I have about 50 jpegs of game flyersand cabinet art of old arcade classics.
I reaaly dig this stuff.
Mark


----------



## sniper (Mar 9, 2002)

i have macmame too, and finding roms on any north american server is darn close to impossible.

my trick: search yahoo for the exact rom name, then look for foreign servers. i've had success with japanese, chinese, korean, argentinian, spanish, french, and more.


----------



## Alesh (Dec 10, 2001)

No chance right now for a GameCube, XBox, or PS2 emulator. If you see one, its a fake. Emulation is hard to nail. People are still working on emulating the N64 and PSX properly. The PS2 is a much more complicated system and will take a while to emulate.

Take the case of the Saturn for example. That system was so complex no one has made a successful attempt at emulating it... the PS2 is way more complicated.

The XBox might be easier to emulate on the PC, as it is practically a PC itself.

Emulators will eventually be out for these systems, I have no doubt... but it will take quite a while yet.


----------



## Griller (Jan 17, 2002)

<BLOCKQUOTE>quote:</font><HR>Originally posted by sniper:
*i have a ps2 emulator called "ps2 blue" i believe, but i've never had a chance to test it*<HR></BLOCKQUOTE>

I once tried program called 'Blue PS2' or 'PS2 Blue' and I later found out it was a hoax --- this was over a year ago.

You launch the program and it tells you to insert the game CD. But then it gives you a error message, something to the effect of "lead-in sector not recognized or incompatible." It sounded like a fairly convincing message and with my high-hopes that I'd found a real-live PS2 emulator I thought it was my CD-ROM drive or the PS2 disc.

I asked around and people told me that it was a hoax, it wasn't a real emulator of anything.
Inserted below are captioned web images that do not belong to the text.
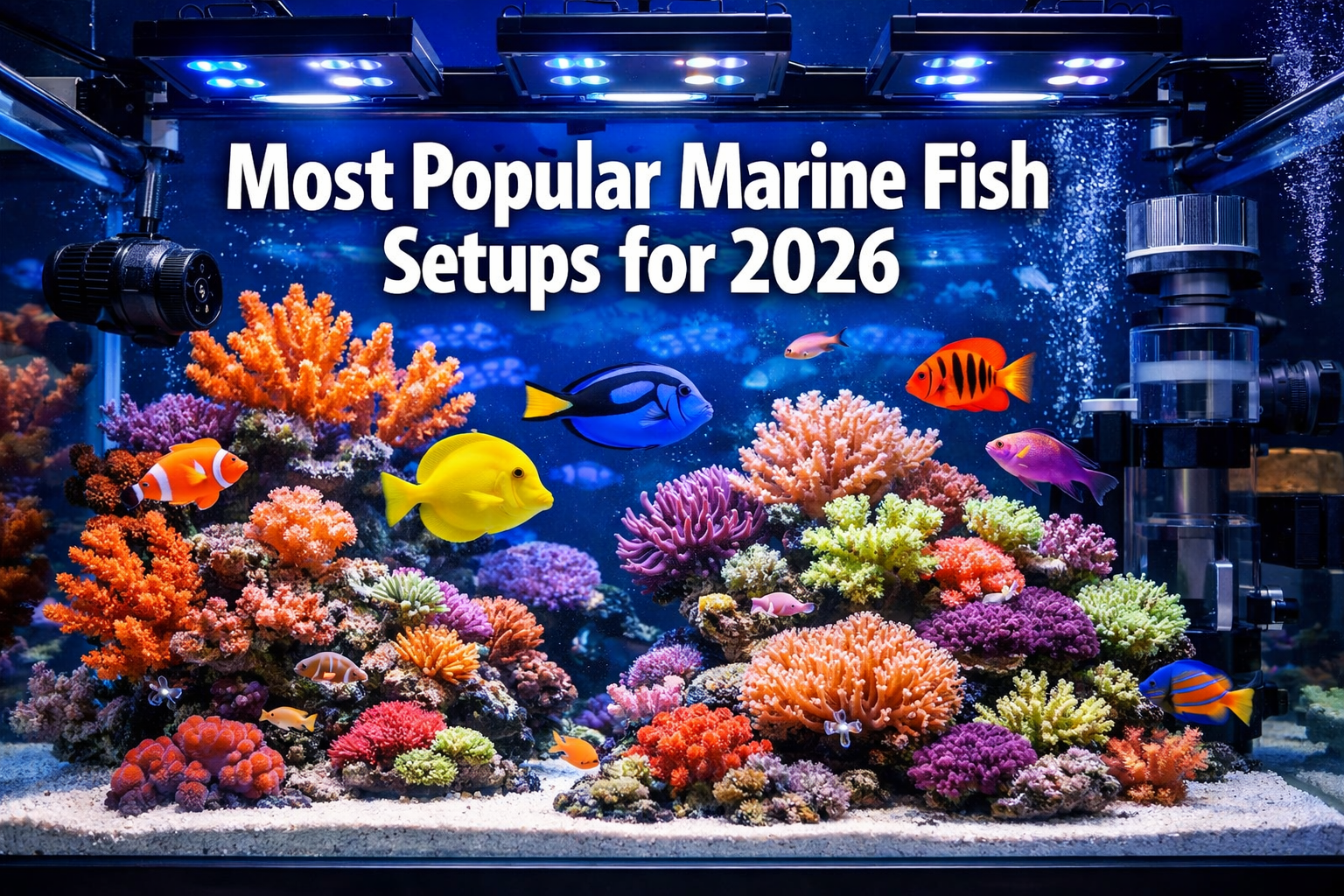 Professional landscape hero image (1536x1024) featuring bold text overlay 'Most Popular Marine Fish Setups for 2026' in extra large 70pt whi
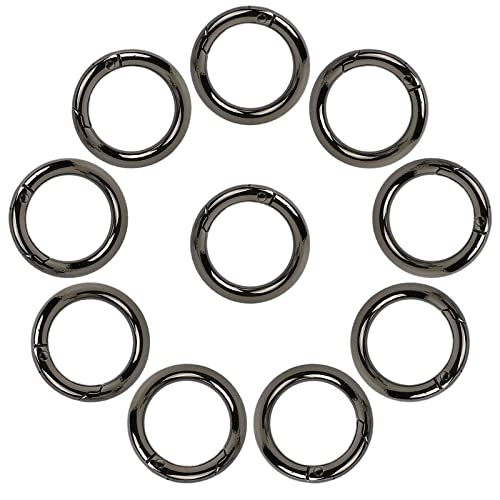 Runde Karabiner,THETAG 10 Stück 25mm Karabiner Ring Zinklegierung Runde Karabiner Für den Alltag am Rucksack oder am Schlüsselbund,DIY Handwerk Karabiner (Schwarz) von THETAG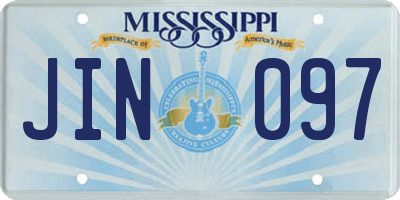 MS license plate JIN097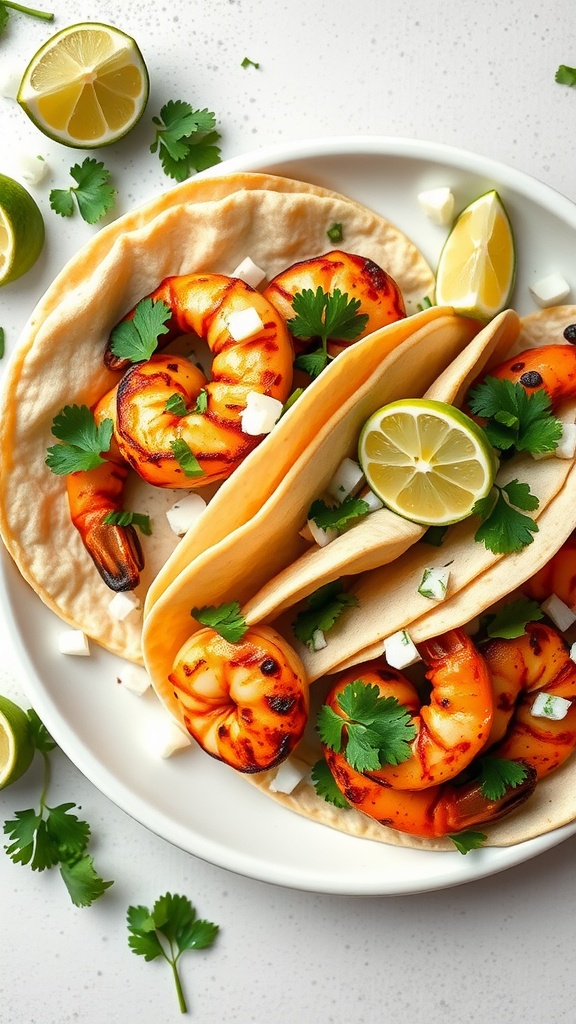 Spicy garlic grilled shrimp tacos with lime and cilantro garnish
Hopefully they weren't lying and I've been sitting on a PS2 emulator this whole time! BUT it never did work for me. Maybe you've got a real one there...(?) 

............
Griller 
everything...


----------



## Chealion (Jan 16, 2001)

Connectix had made a Playstation emulator called Virual Game Station, but I don't know what happened to it.

Otherwise if you want an emulator go to emulation.net (all Mac Emulators!) and have most things... I like to try GBA games on the emulator before buying them, not completely legal but a preference to try before buying... There are PS2, XBox and GC emulators, but at the moment they either never work or non existant in being able to find them. There is an XBox one, but it works enough to start up and crash, my friend had it. It was close to useless, so it was pointless... Emulation = Legal.
Roms = ILLEGAL... User beware.

And homebrewed roms, some of them are REALLY good, especially on the GBA...


----------



## sniper (Mar 9, 2002)

<BLOCKQUOTE>quote:</font><HR>Originally posted by Griller:
*I once tried program called 'Blue PS2' or 'PS2 Blue' and I later found out it was a hoax *<HR></BLOCKQUOTE>

yeah, that's the one, and like i said, i have never tried it, so i'm sure you're right and it's bogus. it really doesn't surpise me, i just kept the file on the off chance that it might work.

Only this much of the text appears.